誕生時から「プリティーシリーズ」をプロデュースしてきたタカラトミーアーツの大庭晋一郎さんは『ラブベリ』が終了してから数年、女の子がおもちゃ売り場からいなくなってしまった。女の子を売り場に戻したかったのが全ての始まり」と話していた。10年以上前、「アイカツ!」の担当者を取材した際も「ラブベリ」を意識したことを明かしていた。
「アイカツ!」と「プリパラ」を含む「プリティーシリーズ」は、女児向けアミューズメントゲームを再興し、玩具売り場の風景を変えた。
◇AKB48の影響
当時、破竹の勢いだったアイドルグループ「AKB48」の影響も大きい。「AKB48」がアイドルファンだけではなく、子供にも浸透したことで国民的アイドルに成長した。“アイドル戦国時代”に突入していった時代に、アイドルをテーマとした「アイカツ!」「プリパラ」は誕生した。

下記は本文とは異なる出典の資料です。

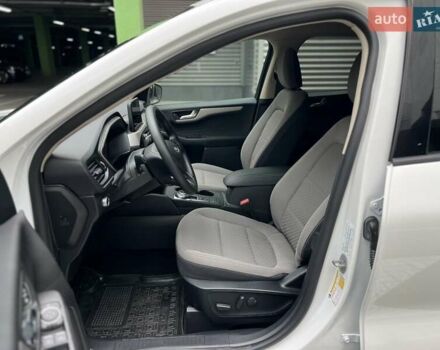 Белый Форд Эскейп, объемом двигателя 0 л и пробегом 23 тыс. км за 18500 $, фото 21 на Automoto.ua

「プリティーシリーズ」の第1弾「プリティーリズム・ミニスカート」は、「AKB48」の研究生発のアイドルユニット「ミニスカート」とコラボしており、「アイカツ!」は、当時メンバーだった板野友美さんや島崎遥香さんがスペシャルコラボパートナーを務めるなど、コラボも盛んだった。
◇平成女児ブームとの関係
「アイカツ!」「プリパラ」を10年以上取材していると、イベントの風景が変わってきたようにも感じる。放送・稼働当時、声優や歌手が出演するイベントは、“アイカツおじさん”や“プリパラおじさん”などと呼ばれていた男性アニメファンを目にすることが多かったが、近年は女性ファンが増えている。10年以上続いている作品ということもあり、放送当時に子供だったファンが大人になり、イベントに足を運ぶようになってきたようだ。女性ファンを意識したグッズも増えている。

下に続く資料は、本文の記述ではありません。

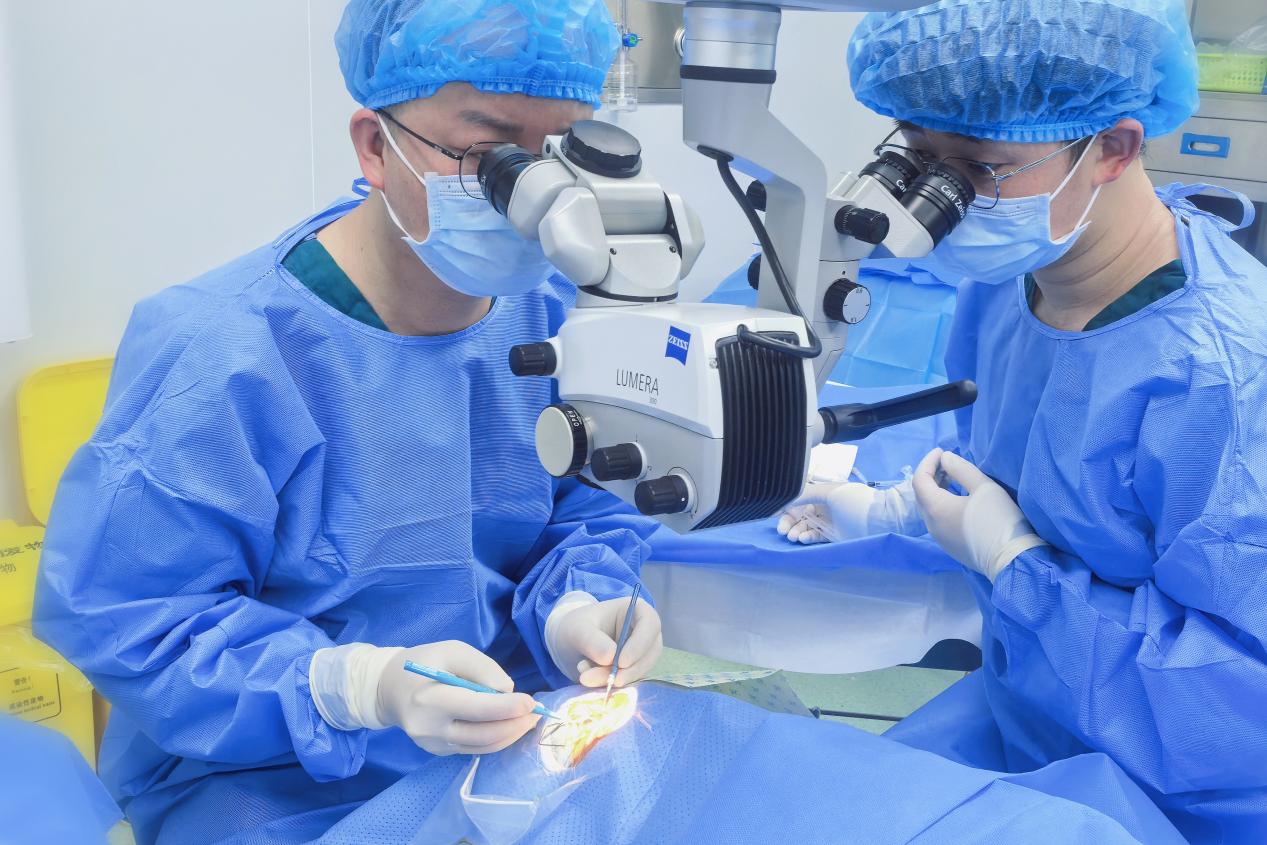 四月飞雪赴高原，三年带教续亲情：爱尔眼科医疗队再赴理塘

SNSなどで、平成時代に子供だった女性たちが夢中になった文化を再評価する“平成女児ブーム”が話題になったが、「アイカツ!」「プリパラ」も女性ファンに再注目されているのかもしれない。長年、愛を注いできたファンも多いだけに、“平成女児ブーム”と結び付けるのはやや乱暴かもしれないが、コラボアニメにノスタルジーを感じる大人もいることは間違いない。
2作は、単なるキャラクターコンテンツにとどまらず、ファッションや音楽、ライブなど多面的な文化を育んできた。平成から令和へと続く“女児カルチャー”の系譜を象徴する存在となっている。